During class, after putting ourselves in order based on our last names and then first names, we were instructed to walk around outside and try to find different archives. My group immediately went to the ISC where we found many science archives-old bones, rocks and even a timeline. While doing this activity, it reminded me of the reading in Interdisciplinary titled “Literature and History”. This section starts on page 114 and talks about how things are organized. Moran states that no matter the subject, they all have one thing in common, “courses tend to focus on the most up-to-date scholarship, with the assumption that the history of the discipline is merely a long prelude to a contemporary state of enlightenment. Even today, though, when issue- or theme-based modules are increasingly prevalent on English degrees, most courses organize themselves in terms of periods and make some attempt at chronological coverage” (Moran, 115). An archive is an example of one of these forms that is organized by time periods. These forms (paper, paintings, sculptures, tombstones) of art come together to form one discipline. We, as students of a college that was built a long time ago, are lucky enough to have archives all around us. Everything is an archive, including buildings, cemeteries, art and even us. Something important to note when looking at an archive is that if you are not careful with them, they can be easily destroyed. Some special archives are kept in cases or boxes so that people do not touch and wreck them. However, other archives are out in the open for anyone to touch and unfortunately wreck. In the books that we have read, archives have played an important role and often times, the reader does not notice or pay attention to the fact that things such as a cemetery, books or letters are in fact archives.

Toomer and Myself: a Similarity

The United States is made up of many different people. No two people are exactly the same-not even twins. These differences is what makes the United States such a special place to live in. People live in different areas, they celebrate different holidays, they are different races. All of these different people come together and make the United States what it needs to be-a melting pot. We praise peoples differences and make people proud of who they are and where they come from.
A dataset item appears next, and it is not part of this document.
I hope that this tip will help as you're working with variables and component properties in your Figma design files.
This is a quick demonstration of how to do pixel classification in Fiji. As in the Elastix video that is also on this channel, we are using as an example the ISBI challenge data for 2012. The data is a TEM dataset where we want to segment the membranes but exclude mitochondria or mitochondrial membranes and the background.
When Toomer did not identify as black or as white, he was no longer celebrating who he was or where he came from. Some people could interpret it as if he was embarrassed of his past and did not want people to know anything about him. He thought that by doing this, he was removing himself from the chaos. Instead, he was creating more.

If someone did that today, they would be frowned upon. The United States is such a wonderful place to live in and for Toomer to be born in Washington D.C where the president lives, and not want to celebrate his race is shocking. So many people come to the United States to be free and start a new life-Toomer was destroying his on accident.